A l’arrivée de ma dépression, j’ai vu apparaître devant mes yeux un voile opaque gris qui a métamorphosé à jamais ma perception du monde. Les couleurs chatoyantes en furent dénaturées, dé-saturées, atténuées. Les odeurs, jusqu’alors, si douces se déformèrent en des effluves insupportables. Les chants des oiseaux se muèrent en un crissement inaudible. Le vin s’altéra et laissa la place à un breuvage exécrable. Tout ce qui auparavant paraissait si beau était devenu gris, pâle, et insipide.
« Une illusion agréable vaut mieux qu’une dure réalité. » Christian Nestell Bovee
Avant la dépression, ma vérité était celle d’un voile sensuel qui se nichait devant la réalité. Ce voile opaque était certes, de toute beauté, seulement son attrait me privait de la vue imprenable, celle qui se cache et qui doit se mériter, mais dont on ne regrettera jamais, après l’avoir découverte, de l’avoir tant cherchée.
Ce voile est souvent salutaire, car il est vrai que la lumière peut-être trop vive, elle peut même se faire éblouissante. Mais elle est source de vie. Et si ce rideau est juste un voilage quand on a 20 ans, il est remplacé par du lin plus épais et luxueux quand on a des enfants, et finalement, on se paye des bons gros doubles rideaux vers la cinquantaine. Pour finir par des volets automatiques à l’âge de la retraite.
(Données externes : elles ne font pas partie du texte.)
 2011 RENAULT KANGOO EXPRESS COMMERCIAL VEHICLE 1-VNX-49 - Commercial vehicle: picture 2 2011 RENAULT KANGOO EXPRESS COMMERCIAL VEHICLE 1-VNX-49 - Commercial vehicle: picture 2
Nombreux sont ceux qui se moquent bien de la vérité, ils se sentent parfois - à juste titre - persécutés et cherchent simplement des coupables. Alors je m’interroge :
Et si les coupables n’étaient pas ceux que l’on nous incite à pointer si aisément du doigt ? Et si le vrai coupable était la société capitaliste mondialisée ? Ne mériterait-elle pas d’être assignée à comparaitre à un procès équitable afin de répondre de son manque d’humanité et de son implacable absence de respect pour la dignité de ses sujets ? Ne serait-elle pas la vraie responsable de la misère, du chômage, de la violence, des inégalités, et de la dépression généralisée ?
Le monde n'est pas d’une simplicité qui s’enseigne. Le voile sur la réalité altère son authenticité. Ce filtre ne laisse passer qu'une partie de la vérité, mais l'essence même de cette vérité ne traverse pas le tissu du voile. Les grains sont broyés pour devenir de la poudre qui se diffusera dans l'eau. Il ne reste alors qu'une infusion de la vérité. Elle est manipulée pour devenir toute autre, plus douce et acceptable. Car les grains de la réalité sont bien trop amers, ils sont immangeables. Alors on les jette, on les met au rébus, on les altère afin que ne reste d'eux que ce que l'on a choisi de garder. Le breuvage exquis, pâle, trompeur, celui que l'on ne voudrait pour rien au monde abandonner.
« Il ne faut pas croire naïvement à ce que nous offre le monde. » Jean-Paul Sartre.